A lenda supõe que os valores e motivações são moldáveis, mas apenas pela própria pessoa. Certamente, a alimentação desses lobos interiores não estaria acessível apenas aos seus donos. Tudo indica que seria até mais propensa a influências exteriores. Por certo, essa alegoria dos dois lobos não é capaz de abranger todos os determinantes do comportamento dos indivíduos, mas pode ser útil para descrever procedimentos voltados a conquista de corações e mentes. Nesse contexto, o lobo progressista das pessoas precisa ser alimentado com valores e motivações compatíveis com uma sociedade mais igualitária, justa e livre, enquanto os conservadores alimentariam o lobo da manutenção das condições vigentes, por propósitos como privilégios, medos ou vontade divina.

Os progressistas seguem tentando conscientizar a todos das injustiças e opressão, incluindo pautas identitárias, relativas a condições específicas de grupos, como mulheres, negros e LGBTs. Contudo, a forma como vêm alimentando o lobo está requerendo ajustes. Por um lado, em que pese a urgência e relevância de se combater a discriminação e violência “adicionais’ a que estão submetidos grupos como os mencionados, não se deve perder de vista o problema de fundo, mais geral, envolvendo as condições das classes sociais.

Caso contrário, o ativismo se desencaminhará para embates entre homens e mulheres, negros e brancos, homossexuais e heterossexuais, fomentando o aumento da hostilidade entre os indivíduos, sem grande potencial de substantiva melhoria na qualidade de vida de todos. Nesse sentido, emblemático tem sido um cisma no movimento feminista, chamado de “mulherismo”, que denuncia a exploração de classe entre as mulheres e proclama uma afinidade preferencial com o homem negro, passando do ativismo de gênero para o de etnia e relevando o principal, que seria o de classe social. Mesmo se esse ativismo, descolado da questão mais geral, pudesse levar à igualdade de direitos para os grupos mais desfavorecidos, isso significaria equiparar todos ao homem, branco e heterossexual, o qual, estando em classe subalterna, é altamente injustiçado e oprimido.

Por outro lado, é preciso elaborar estratégias mais efetivas para avançar na disputa ideológica com os setores conservadores, que têm a mídia corporativa, os tecnocratas e as religiões de massa ao seu lado.  Obviamente, os que querem conservar a situação social atual, em sua grande maioria pretende reverter as conquistas que vêm sendo obtidas desde a constituição de 1988, não cultivando valores igualitários. Tendem a preferir o chamado darwinismo social ou a encarar as desigualdades como uma lei da natureza ou resultante da vontade divina.

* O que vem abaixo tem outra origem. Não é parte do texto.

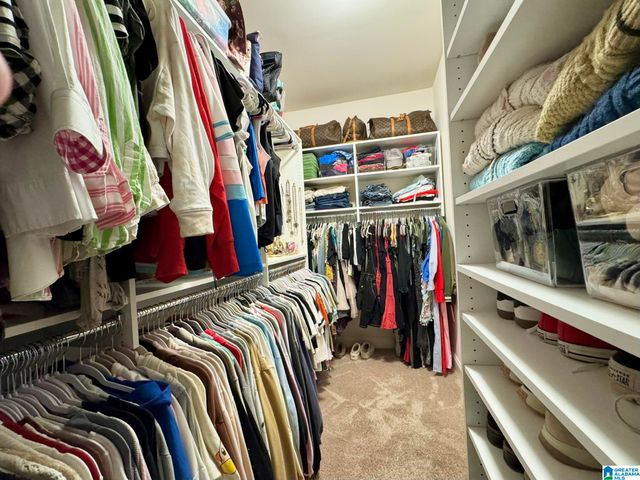 599 CHELSEA STATION CIRCLE, Chelsea, AL 35043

Também pelo prazer de se sentirem superiores aos negros, ou aos que não são crentes, ou aos homossexuais, ou às mulheres, ou aos nordestinos, querem “essa gente” mantida numa condição inferior. As modestas conquistas são consideradas, pelos conservadores, perda de privilégios, mesmo pequenos, que percebem como direitos, ameaça de aprofundamento e medo das dificuldades de conservar seu “estilo de vida”. O ressentimento gerado leva ao apoio a condutas autoritárias e violentas, estatais e paraestatais, muito além de um “mal necessário”, mas como um justiçamento aos que estão usufruindo do que não merecem.

Esse conservadorismo da estrutura social Casa Grande-Senzala também alcança grande parte dos que estariam dentro da senzala, por terem sido convencidos de que lá estão por culpa de governos corruptos que só beneficiam aos seus em detrimento deles. Termos como “PT”, “Lula”, “Esquerda”, “Comunismo”, viraram gatilhos para o ódio pelas injustiças que sofrem, acreditando serem causadas justamente pelos que fizeram mais políticas para mitigá-las.

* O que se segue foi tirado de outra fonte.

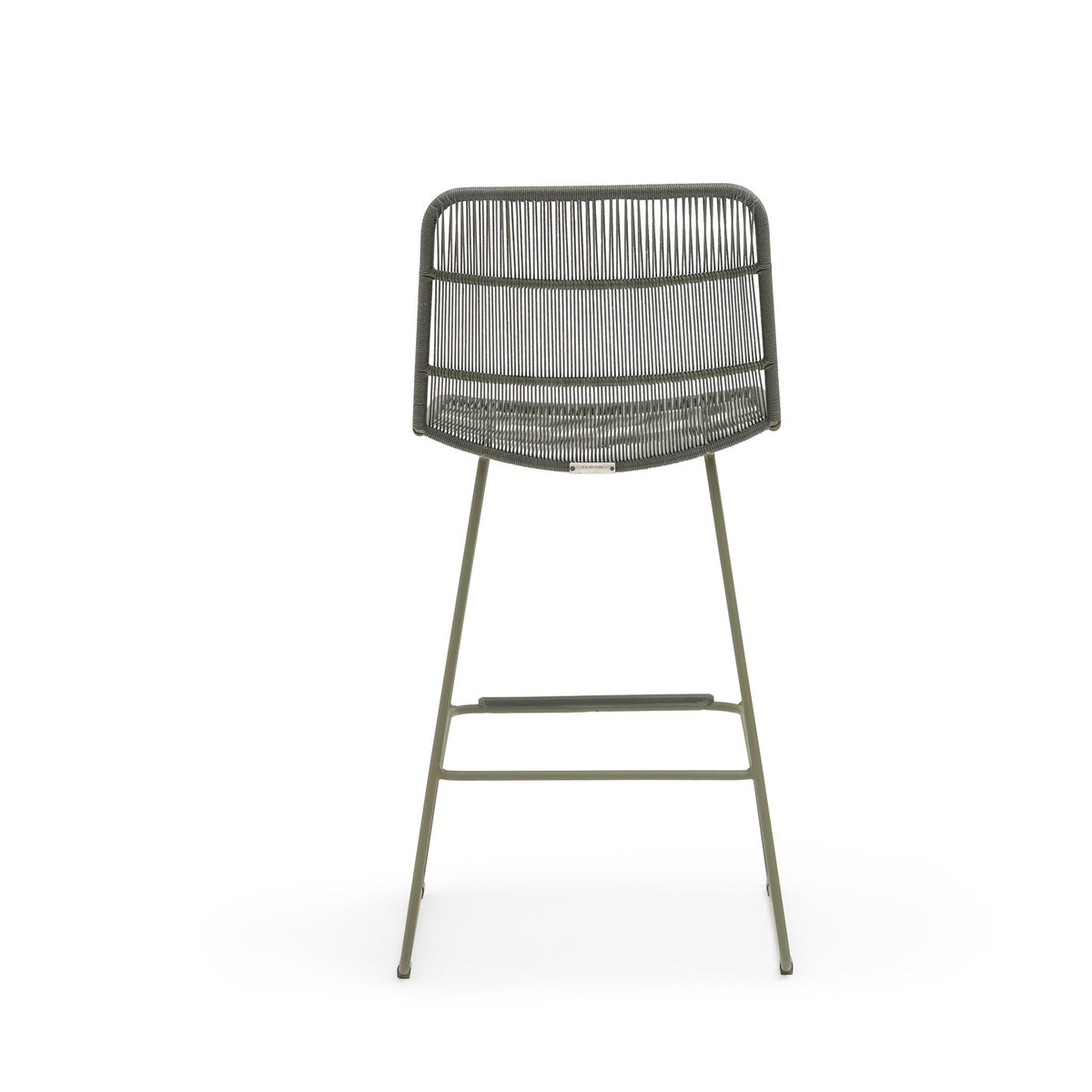 Breeze Counter Chair - Moss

Não se trata de teoria da conspiração, mas de uma convergência de interesses entre mídia corporativa, setores empresariais e lideranças políticas, que geram montanhas de Fake News e narrativas manipuladas. O recorrente tema da corrupção, que já legitimou diversos golpes e tentativas, é trabalhado de modo mais amplo. Corrupção será o que gerar ressentimento e indignação em cada um.  Para muitos, entre donos e agregados da Casa Grande e os que vivem na senzala, transgressões de cunho financeiro, como propinas, favorecimentos, sonegação, não causam tanta indignação quanto costumes pecaminosos, de natureza sexual ou de insubmissão. Neste campo, lideranças religiosas conservadoras têm exercido um ativismo eficiente.

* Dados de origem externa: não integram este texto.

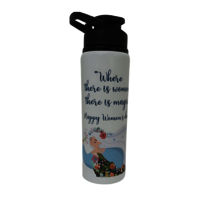 sipper bottle 750 ML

Continua inacessível a identificação do que seria, no comportamento humano, determinado pela natureza, experiências individuais, relações sociais e disputa ideológica. Mesmo com todas as dificuldades de se enfrentar os conservadores, também é inaceitável os meios e os fins como os da Revolução Cultural maoísta. Valores e práticas democráticas não podem ser retórica ou instrumentos, mas condições inalienáveis, as quais deve-se radicalizar no sentido de identificá-las com desigualdades mínimas de oportunidades e resultados. Um alento para os que cultivam esses ideais de justiça social é que algumas sociedades conseguiram alcançar elevados padrões.